Мы не торопились, не комкали нашу встречу, чтобы поскорей финишировать. И тешило, что ждет нас впереди целая прекрасная ночь, в которой мы будем принадлежать друг другу. Мы зашторили окна, мы зажгли свечу, мы пили вино, мы наслаждались возможностью видеть и слышать друг друга, дышать одним воздухом. Она первая заговорила о том, что скоро придется жить нам врозь. Сказала, что многим пожертвовала бы, чтобы жить в одном городе со мной. Я со вздохом возразил, что вряд ли понравилось бы ей обитать в нашем маленьком провинциальном городке после Одессы. Марина ответила на это, что порой готова на край света убраться, только бы подальше от этого ненавистного ей города. Я удивился, сказал ей, что никогда в Одессе не был, но столько читал и слышал о ней, что восхищаюсь и ею, и людьми, жившими и живущими там. Признанная столица юмора, город Бабеля, Олеши, Катаева, Ильфа и Петрова, Карцева с Ильченко, Жванецкого – только одних этих имен, всех не перечислить, достаточно, чтобы боготворить Одессу.
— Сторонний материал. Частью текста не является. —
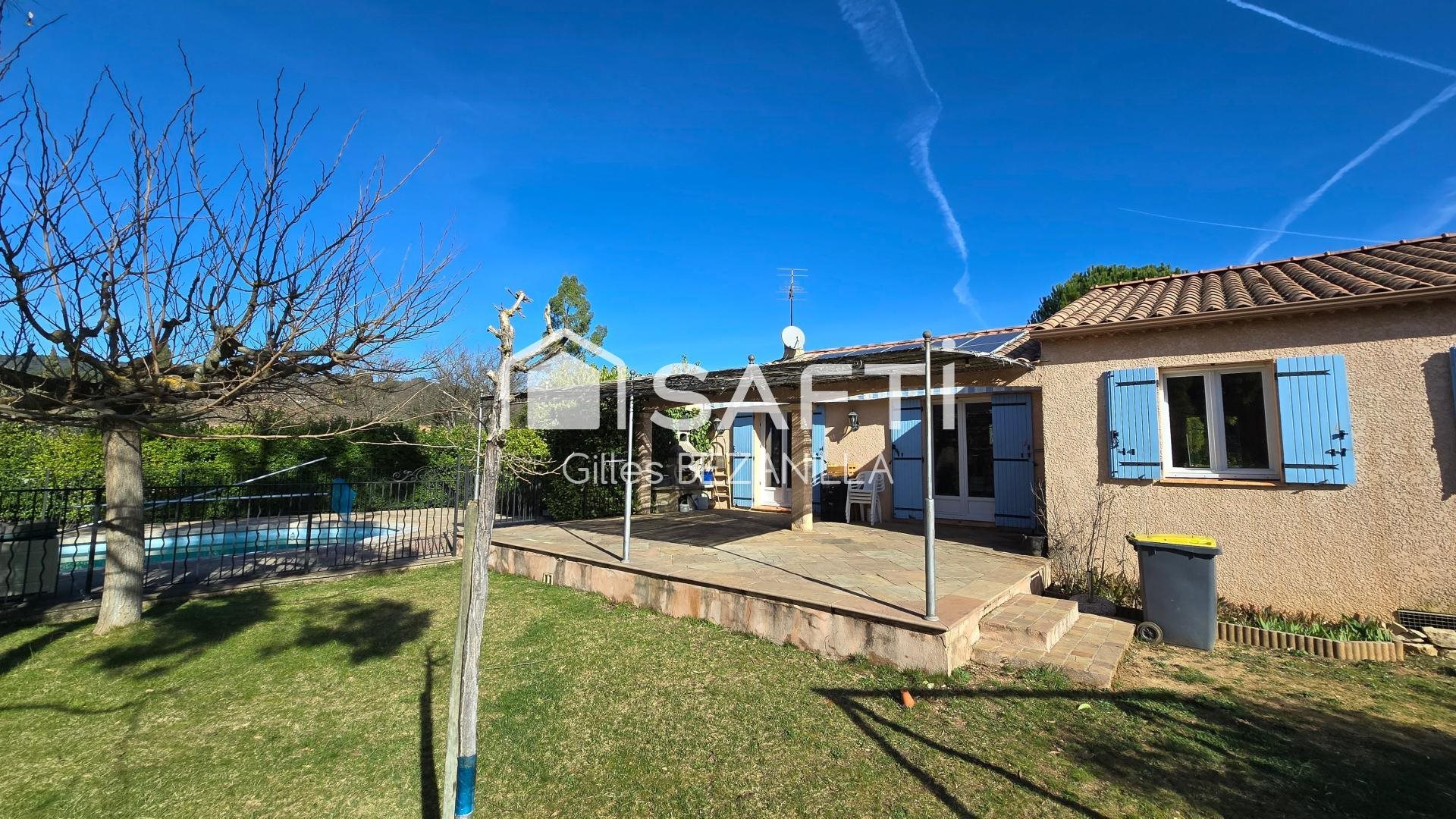 Maison à vendre, 124m², Garéoult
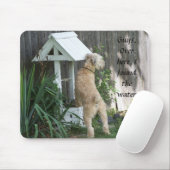 Soft Coated Wheaten Terrier op wens Muismat (Met muis)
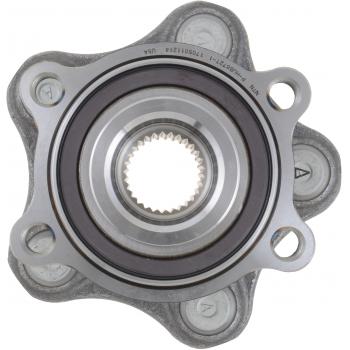 2015 Infiniti QX60 Wheel Bearing and Hub Assembly Rear BCA Bearings WE61773 image 4 of 4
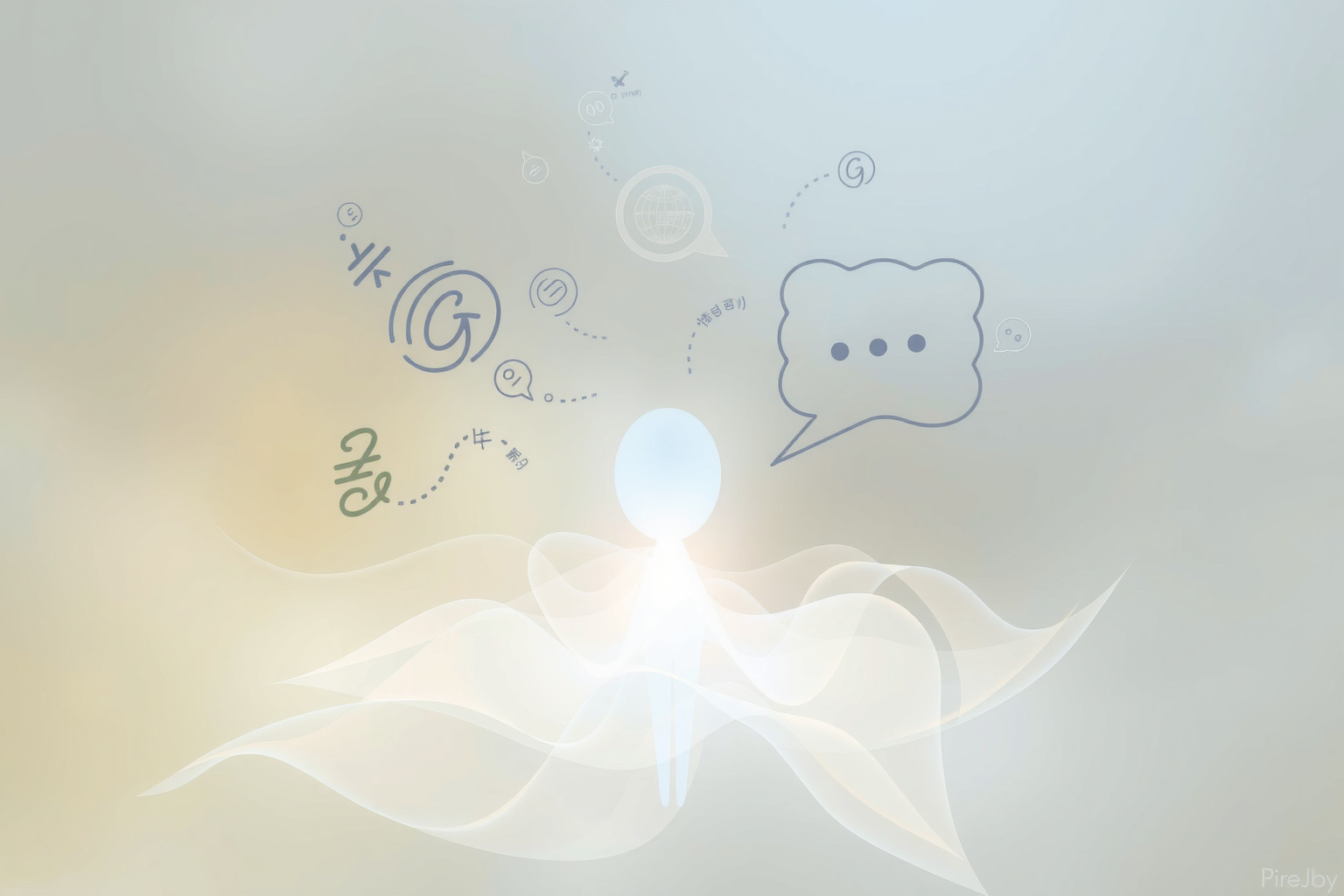 Sognare saluti in lingue sconosciute indica nuovi inizi e misteri.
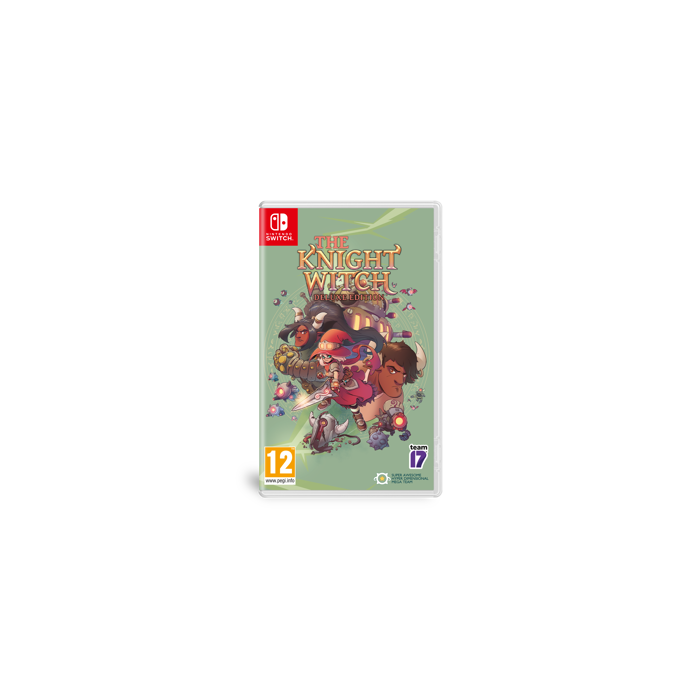 The Knight Witch - Deluxe Edition (Nintendo Switch) - 5056208817952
А все они так тепло, с такой сыновней нежностью отзывались о ней, скучали, расставшись, пользовались каждой возможностью побывать на родине. Там одни названия звучат, как музыка – Лонжерон, Молдаванка, Пересыпь… Я бы, например, дорого дал, чтобы побывать на легендарном Привозе, пройтись по Дерибасовской, поглазеть на Дюка Ришелье. Да из-за одних одесситов стоит там жить, ведь всему миру известно, что нет более остроумного и жизнерадостного народа. А если добавить к этому, что лежит Одесса у благословенного Черного моря, то лишь позавидовать можно тем, кому повезло жить в ней. В голове не укладывается, что кто-то хочет бежать из нее на край света…

Говорю ей это, говорю, она меня не перебивает, молча выслушала мой пламенный монолог, иронично усмехнулась:

– Это ты говоришь так, потому что сам никогда в Одессе не жил. Наслышался какой-то бредятины, забил себе голову всякой ерундой. На Дюка Ришелье поглазеть он хочет! Ты бы лучше поглазел на всю эту жидовню, на все эти жидовские морды, послушал бы их пархатую речь! И везде они, куда ни сунься, нет от них спасения. Мне, когда и в школе, и в институте училась, противно было на занятия ходить. От одних этих фамилий тошнило. Это же не город, а сплошная синагога! Я бы наших девчонок, которые блудили с жидовскими парнями, собственными руками придушила, без жалости! Я уже не говорю о блуде – сдохла бы от отвращения, если бы один из них хоть прикоснулся ко мне…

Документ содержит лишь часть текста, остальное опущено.